L'Opérateur/Le Caméraman (The Cameraman)
Edward Sedgwick et Buster Keaton (1928)
"L'Opérateur" est le film de Buster KEATON que je préfère et selon moi son plus grand chef-d'œuvre. On y retrouve les qualités de ses autres chef-d'œuvres, cette manière poétique et décalée d'habiter le monde, d'interagir avec lui et de le mettre en scène. "L'Opérateur" a un personnage principal qui fabrique des images. De portraitiste, il devient reporter et fabrique ainsi ses propres films dans le film principal. Le premier d'entre eux qui passe pour raté est un concentré d'inventivité technique et poétique avec un défilé en arrière des images qui a pour effet d'annuler le temps, une surimpression qui fait naviguer un cuirassé en pleine rue et la juxtaposition de quatre mini écrans diffusant chacun leurs images en simultané sur le principe du split-screen. Le deuxième est un reportage documentaire qui en réalité a fait l'objet d'une mise en scène. Lors du tournage (lui aussi une mise en abyme), Buster KEATON est intervenu plusieurs fois pour "arranger" la vérité, mettant un poignard dans la main d'un homme se bagarrant avec un autre, faisant tomber des hommes à terre et brisant des ampoules pour faire croire à des coups de feu.
Mais "L'Opérateur" a par rapport aux autres films de Buster KEATON un petit supplément d'âme qui le rend unique.

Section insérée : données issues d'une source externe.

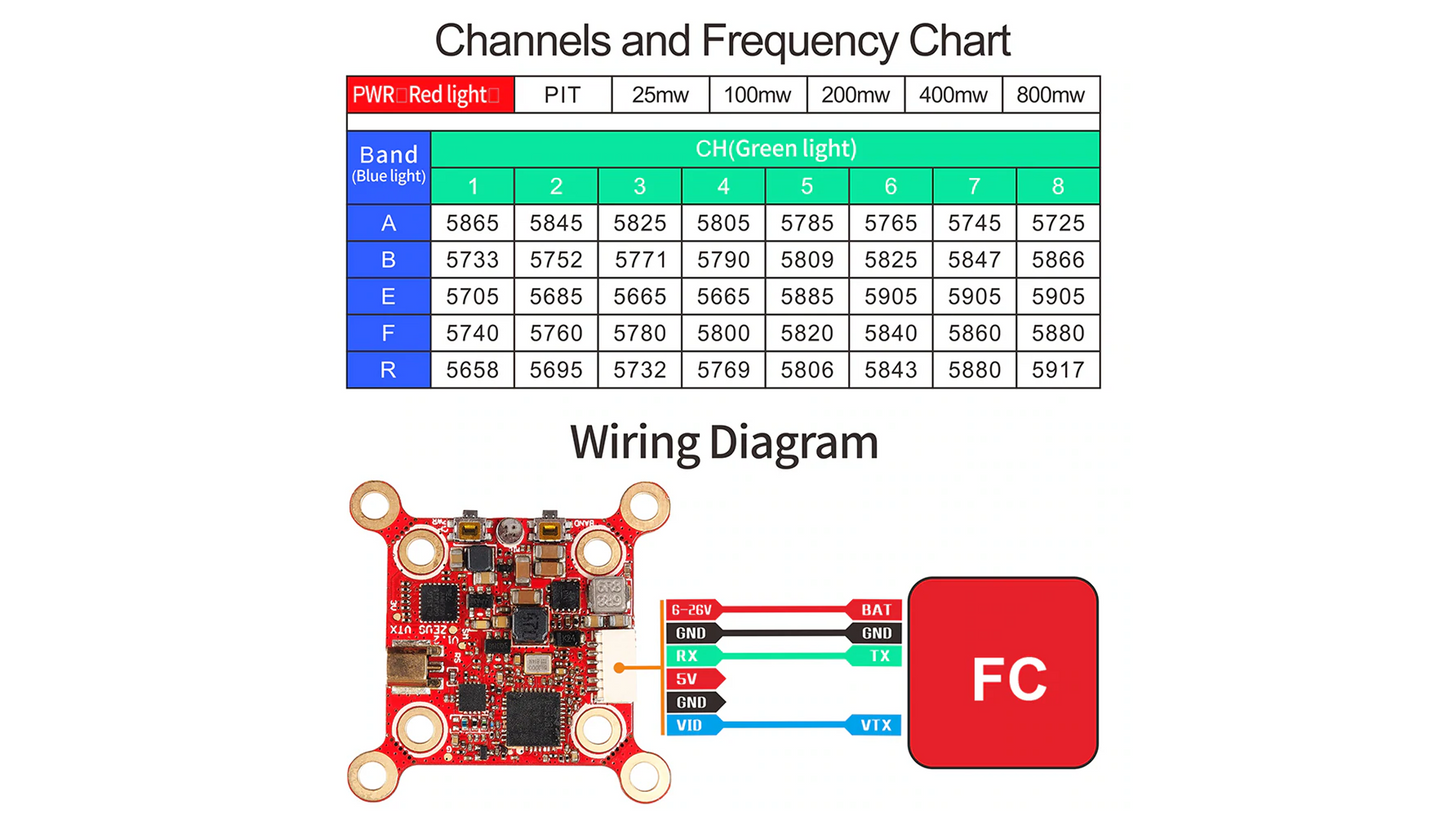 HGLRC Zeus 800mW Smart Mounting 20x20 and 30x30mm VTX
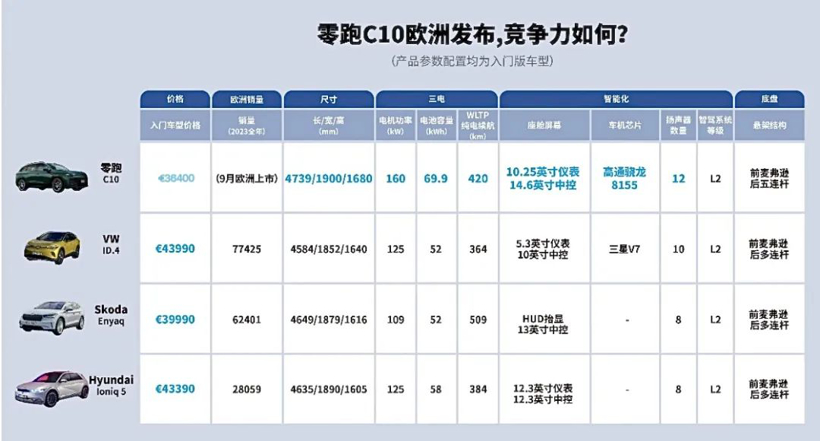 全球市场，“零跑效应”还灵吗？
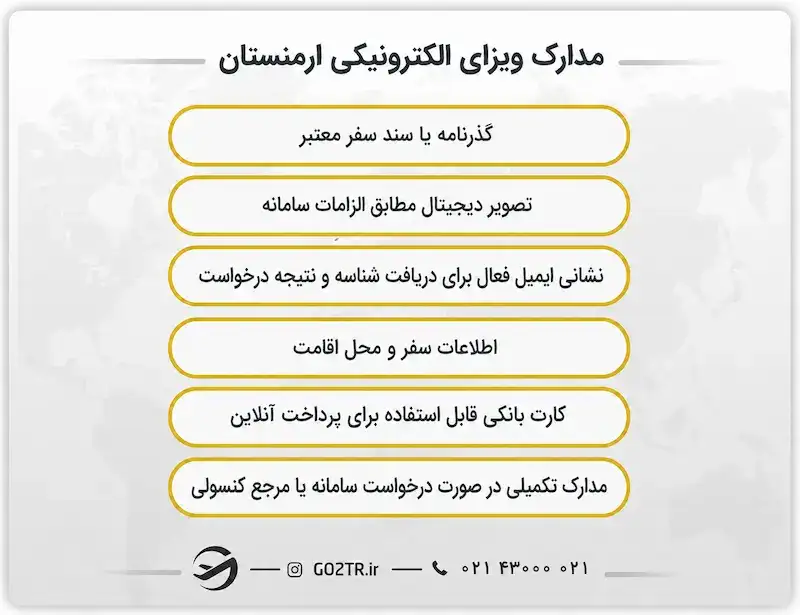 مدارک ویزای الکترونیکی ارمنستان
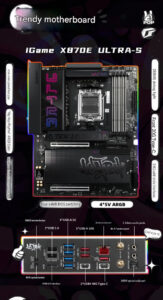 Colorful iGame X870E Ultra-S V14: la nuova motherboard AM5 a 16+2+1 VRM da $284 - AllFounds
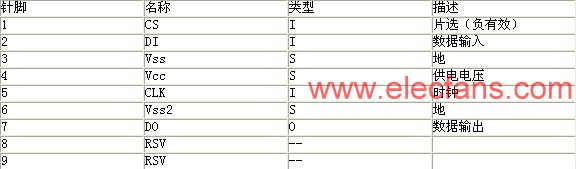 SPI模式針腳定義 www.makelele.cn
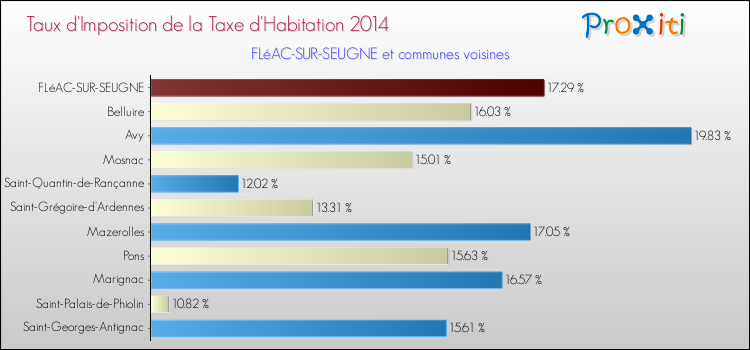Taux d'imposition de la taxe d'habitation 2014 pour FLéAC-SUR-SEUGNE et les communes proches Comparaison des taux d'imposition de la taxe d'habitation 2014 pour FLéAC-SUR-SEUGNE et les communes voisines
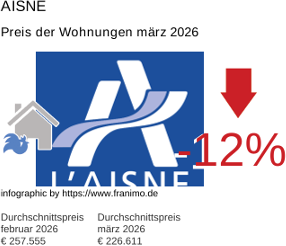 durchschnittlicher Immobilienpreis in der Region Aisne März 2026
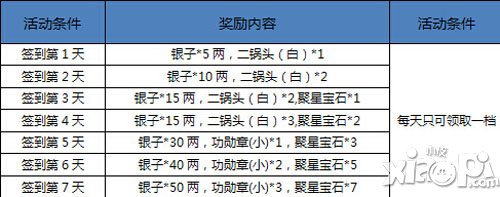 签到送好礼！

Ce n'est pas le seul film où il exprime son inadéquation avec l'environnement. Mais jamais il ne l'avait fait avec une telle sensibilité. Il y a des trouvailles géniales comme ce travelling vertical sur un escalier qui exprime son yoyo émotionnel à cause d'un simple coup de téléphone. Il y a la scène où séparé de sa fiancée il trouve des moyens originaux de la rejoindre (sur le garde-boue d'un bus par exemple). Il y a ce petit singe malicieux qui en filmant la scène du sauvetage de la fiancée qu'un usurpateur s'était attribué fait éclater la vérité (c'est aussi à cela que servent les images et l'art cinématographique a été un temps une planche de salut pour Buster KEATON comme avant lui pour Roscoe ARBUCKLE). Il y a enfin ce qu'exprime le corps de Buster KEATON, par exemple quand il s'affaisse sur la plage. Tout le corps, y compris le visage. Comme s'il sentait que la MGM allait être son tombeau cinématographique, Buster KEATON enlève son masque de pierre et exprime une multitude d'émotions, souvent en gros plan: le trouble et le transport amoureux, la tristesse, la colère, la peur et le soulagement. Cette humanité touche en plein cœur.